Ale to starsza jakaś wersja stosu była (na owe czasy oczywiście
najnowocześniejsza :) )
To było parę lat temu, dokładnie nie pamiętam, procesor pic18F252,
kompilator nie pamiętam.
Temat wdrożyłem w kilku miejscach ale kiepsko coś radził sobie z DHCP;
skargi były, że coś tam za często rozsyła. Przy najbliższej modernizacji
obiektów wywaliłem urządzenia na tym oparte.

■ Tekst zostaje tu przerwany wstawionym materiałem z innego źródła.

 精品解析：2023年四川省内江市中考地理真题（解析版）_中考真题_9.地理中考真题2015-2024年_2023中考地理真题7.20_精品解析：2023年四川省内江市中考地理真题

W związku z tym projektem jeszce jedna rzecz mi się przypomniała: ciut
nowszy kompilator żle ten kod kompilował (nie działał). Dyskwalifikacja.
Ale uzywam (do prostych zastosowań), chyba pierwszego stosu Microchipa
(bezstanowy!), trochę go powyginałem pod swoje potrzeby.
Ale to tylko do pewnych zastosowań się nadaje; brak możliwości DHCP,
klienta, tylko serwer co jedną ramkę może wysłać. ALE DZIAŁĄ.
Oryginalnie powstał na pic16 ale dał się bezproblemowo przenieść na pic18 i
jest ok. Ale nie odważyłbym się już go kompilować, używam skompilowanych
przed laty hexów.
> U mnie ten stos działa od lat bez problemów w ciężkich warunkach jako
> dość obciażone serwery www na pic32. Na pic18 wymaga zwiększenia
> stosu do dwóch banków (min 512 bajtów) bo inaczej będą problemy.
Pewnie tak, ale trochę mnie przerastają problemy typu że, coś dopiszę i się
sypie (bo z tego żyję).
Ale na pic32 to chyba już gcc? A może nie?
jp
-
34. Data: 2017-04-13 11:02:25
Temat: Re: Pytanie do speców od Atmega128
Od: Marek <f...@f...com>
On Thu, 13 Apr 2017 10:48:26 +0200, jacek pozniak
<j...@f...pl> wrote:
> Ale na pic32 to chyba już gcc? A może nie?
tak.
--
Marek
-
35. Data: 2017-04-13 13:45:38
Temat: Re: Pytanie do speców od Atmega128
Od: slawek <f...@f...com>
On Tue, 11 Apr 2017 17:03:28 +0200, Marek <f...@f...com> wrote:
> (prąd zabija a nie napięcie).
Samo pole elektryczne, wektor E, też.